2017年7月15日土曜日

無償で使わせてもらっていたら

事例から。
ある兄と弟の話。自営業をしている弟は仕事が安定していないために家を借りることができず住む家がない。もちろん購入することもできない。
一方兄のほうはサラリーマンで安定収入がある。
見かねた母親が兄に弟のために住宅ローンを組んでやれ、と頼みこみ兄は弟のためにローンを組んだ。兄には既に自宅用の住宅ローンがあったので第二のローンは事業用となった。(金利が高い)
弟は兄に対して毎月のローン返済額相当を家賃として支払う、という約束をした。(口約束で書類はない)
最初のうちは弟は家賃を支払っていたが、そのうち仕事が少なくなってきてそれを払えなくなってきた。
2つのローンを抱えてぼやく兄に対して母親は「弟のめんどうみてやれや」、弟は「兄貴はおれよりも豊かなのだからいいじゃないか。そのうち家は明け渡すから」と甘える世界。

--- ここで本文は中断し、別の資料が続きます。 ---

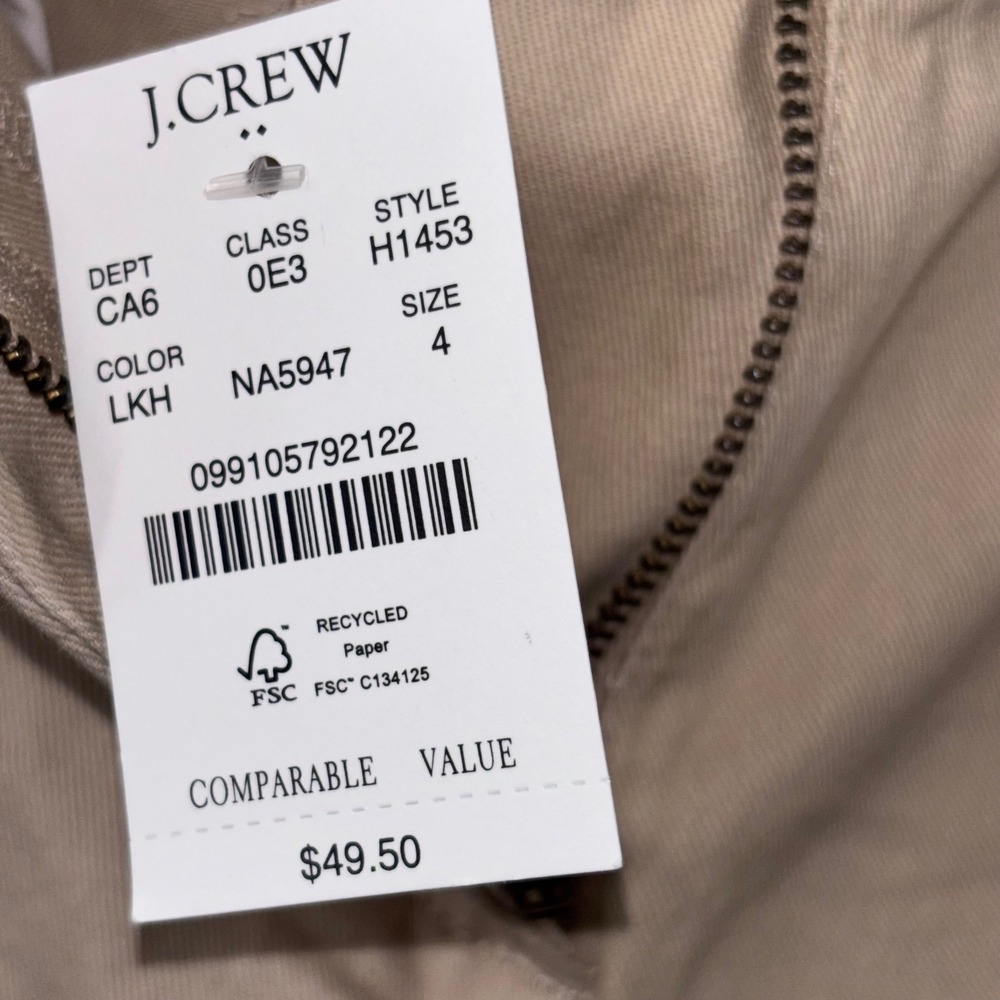 NWT J.Crew 5" Tan Chino 100% Cotton Shorts Chic Minimalist Preppy Women Size 4 - Picture 8 of 11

こんな状態で年月が経ち、兄に定年が近づいてきて2つものローンに耐えられなくなってきた兄は弟に家賃の支払いを催促するけどラチがあかない。母親にもボケが始まりどうしようもない。
家屋や土地を無償で貸すことを法律では「使用貸借」といい、当初約束していた状態が守られなかったり、目的としていたことが終了したりした場合にはただちに退去する必要があります。

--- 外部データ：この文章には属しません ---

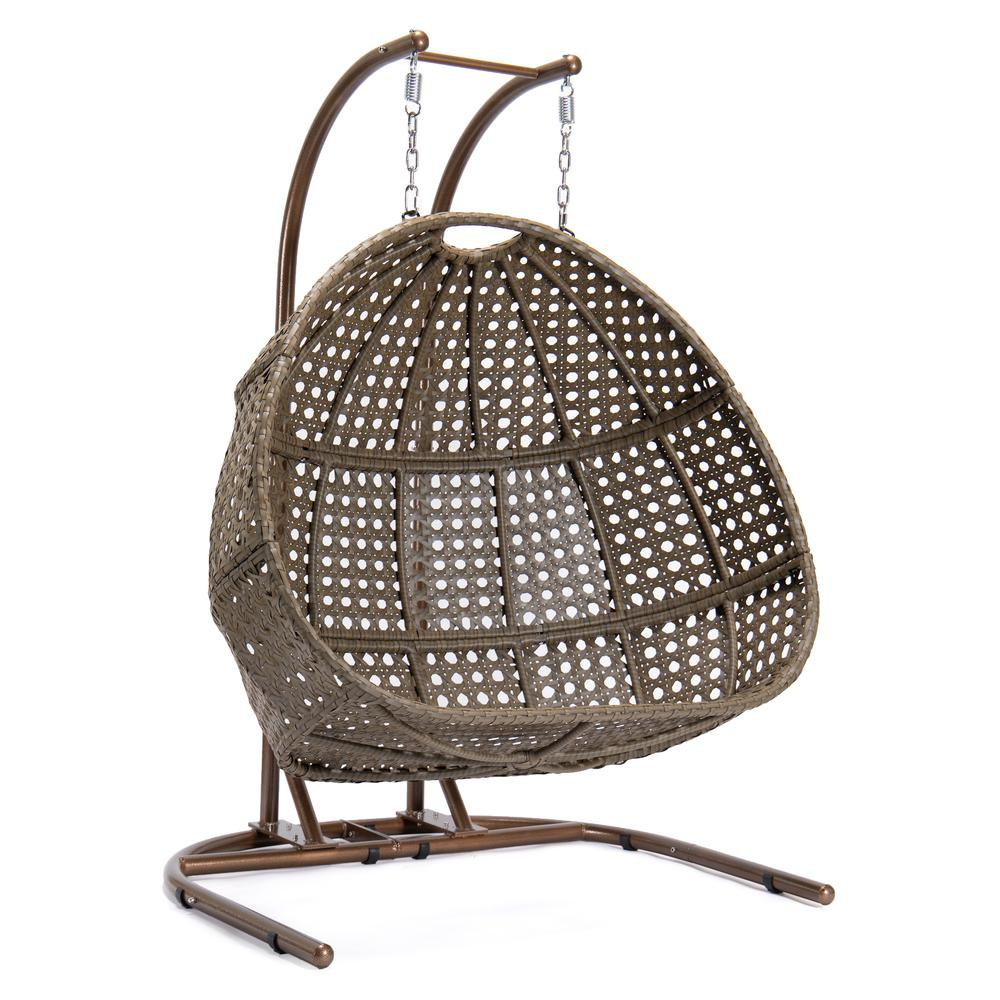 Boho Aesthetic Brown Bohemian Wicker Hanging Double Egg Swing Chair | Biophilic Design Airbnb Decor Furniture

例にあげたような兄と弟のケースでは家主たる兄が要求した場合には弟は即刻立ち退く必要があるのですが、問題は他人ではない親族同士の場合法律どおりにはことを運べないのがやっかいです。兄が約束違反だと主張しても何ら書類がないため強制執行をするわけにはいきません。
とはいうものの法的には弟の立場は弱く、結局弟は半年の猶予期間を経て立ち退くこと、兄は弟に対して解決金として金銭の支払いを行う(引っ越し費用に充当)ことということを裁判所で約束することとなり一件落着となりました。

とはいうものの住む場所がなくなる弟に対して母を交えた親族間の話し合いでどうなるのか兄には不安が残ったようです。